- **Data**
---

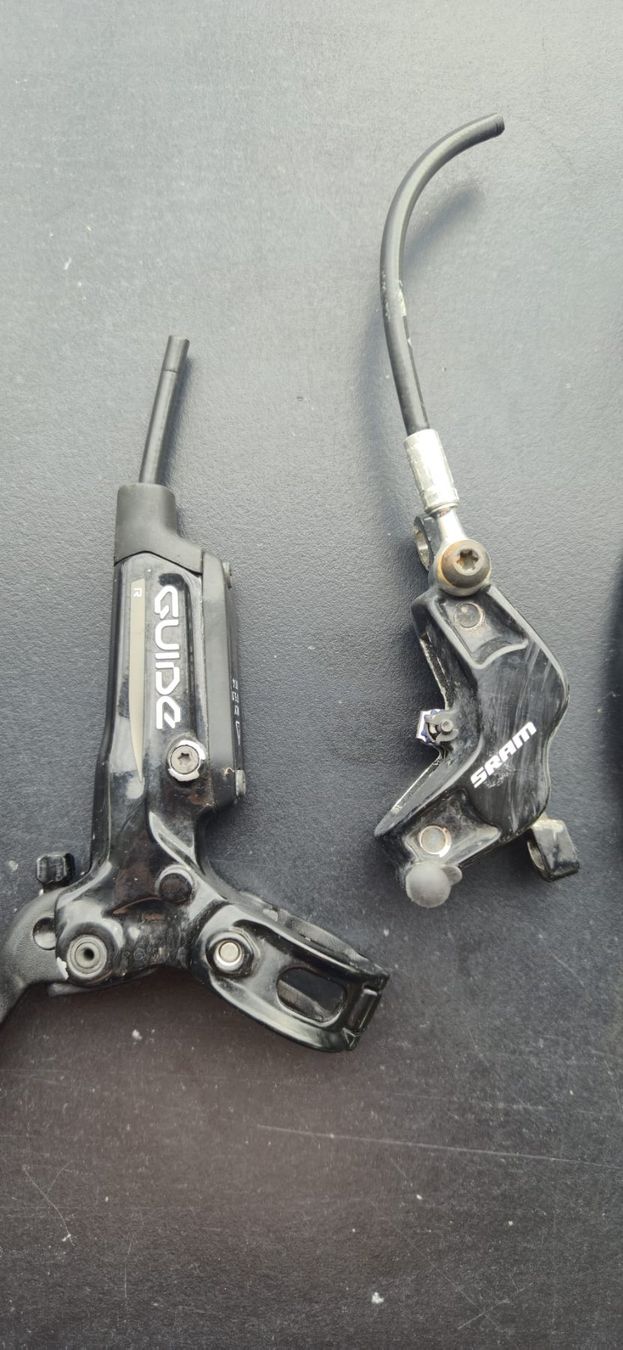 Sram Pezzi di ricambio: SRAM Guide RS Bremsen Set – Usato da Meilen venduto da C.Greb 1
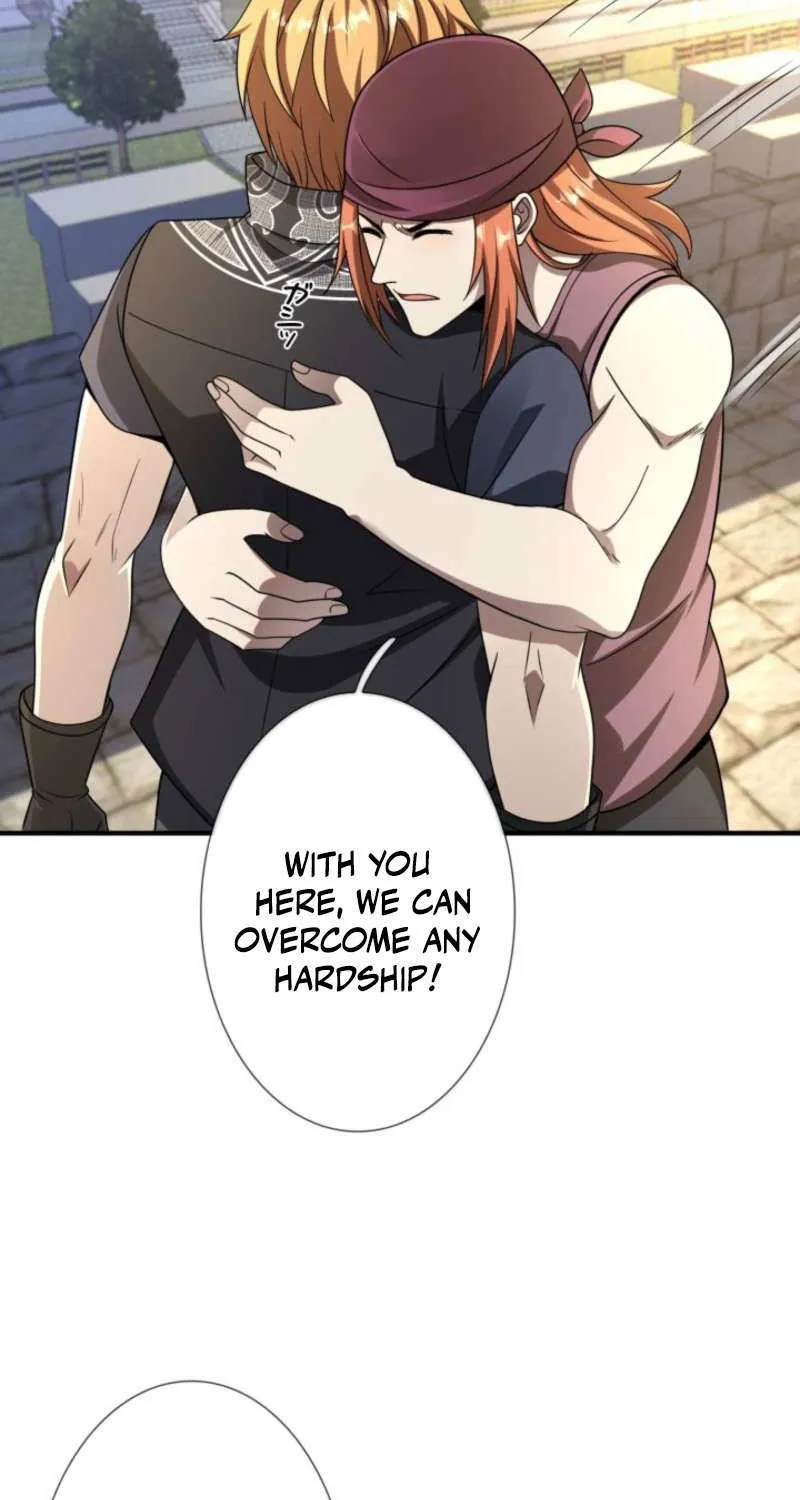 I Got reincarnated but my only ally is a little girl with cheat powers!? Chapter 46 page 45 - 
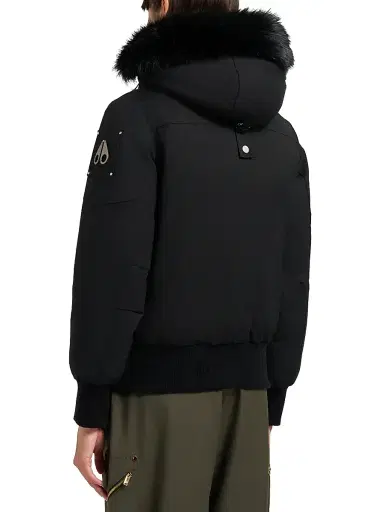 Moose Knuckles Women's Debbie Shearling-Trim Down Bomber Jacket | Thumbnail 6 Moose Knuckles Women's Debbie Shearling-Trim Down Bomber Jacket | Thumbnail 6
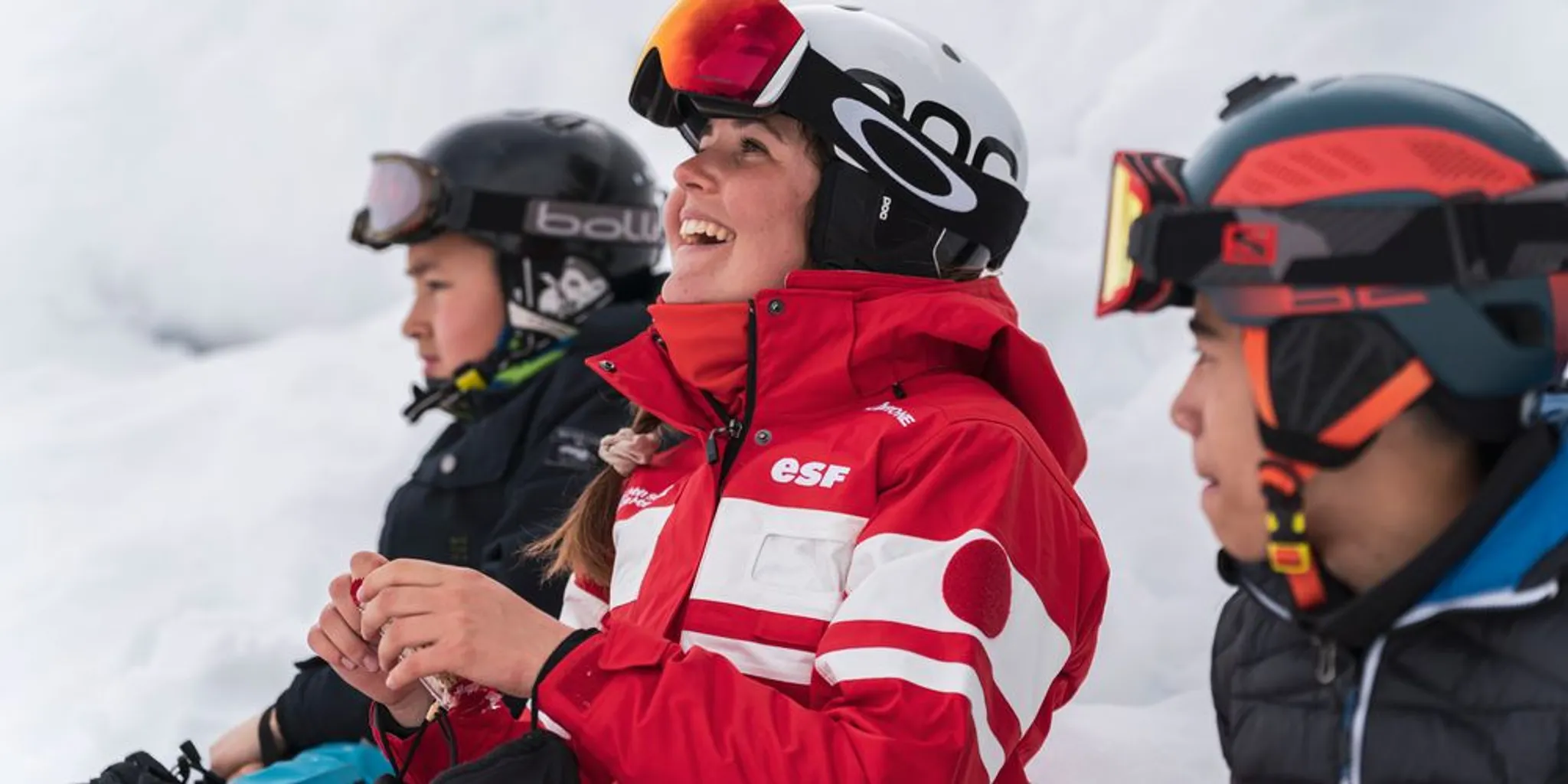 Cours privés de ski, snowboard et télémark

---

- **What you will do**
Leave the images out and give the rest of the data again exactly.

- **Task result**
 Sram Pezzi di ricambio: SRAM Guide RS Bremsen Set – Usato da Meilen venduto da C.Greb 1
 I Got reincarnated but my only ally is a little girl with cheat powers!? Chapter 46 page 45 - 
 Moose Knuckles Women's Debbie Shearling-Trim Down Bomber Jacket | Thumbnail 6 Moose Knuckles Women's Debbie Shearling-Trim Down Bomber Jacket | Thumbnail 6
 Cours privés de ski, snowboard et télémark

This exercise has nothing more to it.